July belongs to AAU basketball players. This month, college recruiters will crisscross the country in search of talent, traveling to tournaments in Las Vegas and even small towns in Tennessee and Georgia trying to find the next Derrick Rose or Candace Parker.
For girls, the Chicago area’s biggest AAU tournament starts Sunday with the Nike Summer Showcase, based out of the Elgin City Centre, a downtown park district facility just a few blocks away from the Grand Victoria casino.
These events are regulated by the NCAA. Recruiters are required to watch AAU games from a balcony or an area separated from fans and players. Coaches cannot make contact during this period.
Last summer, I learned that each player is required to watch a video provided by the NCAA. It’s called an NCAA Basketball Certification Video. According the NCAA’s website, players will be seeing a new video called “Smart Play Wins” for the first time.
I couldn’t help but think about Rose while watching last year’s video, the seven-minute film, “Your Game Plan.” The video is designed to scare the bejeezus out of prospects, but I doubt Rose saw it.
Recruiters are allowed to evaluate prospects for a 20-day period during the month. Attendance is required at the video session. A volunteer checks off names from each roster. The same volunteer starts the DVD several times during the day as different groups of players watch the video after their games. Players usually watch the film in the first couple of days of the tournament.

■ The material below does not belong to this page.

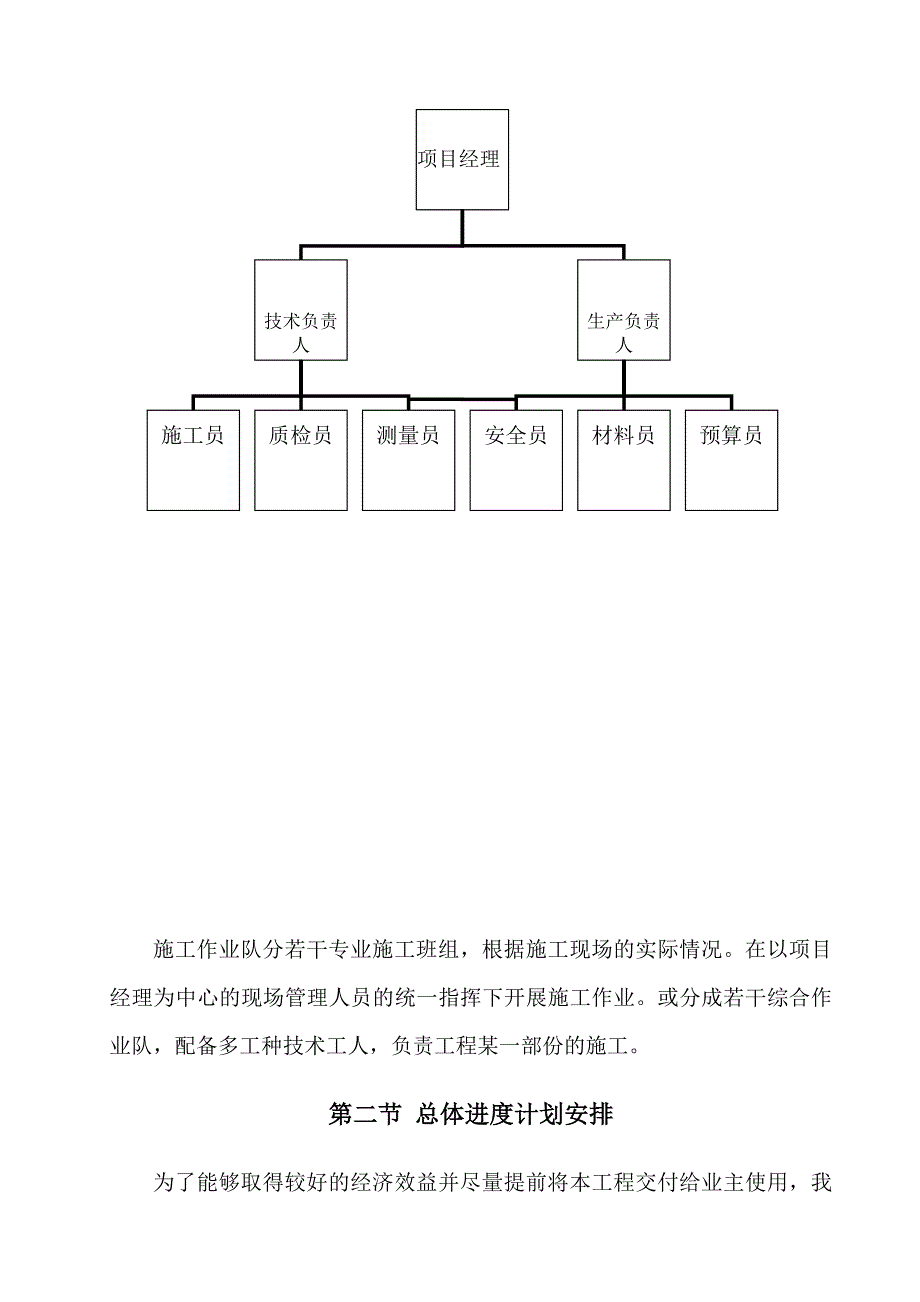 武穴市栖贤路刷黑改施工设计_第4页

Since many players attend three to four tournaments during the month, there is a good chance they will have already seen the video or another one like it.
At one of the Nike Summer Showcase’s venues, the Ackerman Fitness and Sports Center in Glen Ellyn, players trudged up the stairs to a second-floor meeting room where about 20 folding chairs in three rows were set up in the direction of a small television set mounted in the corner. When there were more than two or three athletes in the room, the volunteer would press play on the DVD player.
I always enjoy a good movie, so I sat in the back during one of the screenings for “Your Game Plan.” The video is hosted by television basketball analysts Gus Johnson and Beth Mowis.
Johnson and Mowis take athletes through an Xs and Os-inspired plan of three ‘Plays’: 1) Use Your Head; 2) Be an Amateur; and 3) Keep it Clean. Use Your Head advises athletes to avoid cheating, especially when it comes to academics and the ACT and SAT exams. Be an Amateur warns athletes: “Do not take money, gifts or benefits or sign anything. Don’t play for money.” Keep it Clean addresses sportsmanship, drug and alcohol prevention and gambling on sports brackets with friends.
The video is spliced with several highlights from NCAA Final Four games for men and women.
“It gives a lot of good information if you need to get a good college scholarship,” Wheeling senior guard Kellie Kuzmanic said. “I’ve seen it a hundred times. Sometimes it’s different. As long as I get to play, (I watch the video).”
I would like to believe women’s basketball recruiting is much “cleaner” than men’s basketball. But I shouldn’t be shocked if a program lands into trouble. Rose’s cheating scandal involving his SAT exam has already resulted in NCAA infractions and forfeits against Memphis, where he played in only one season.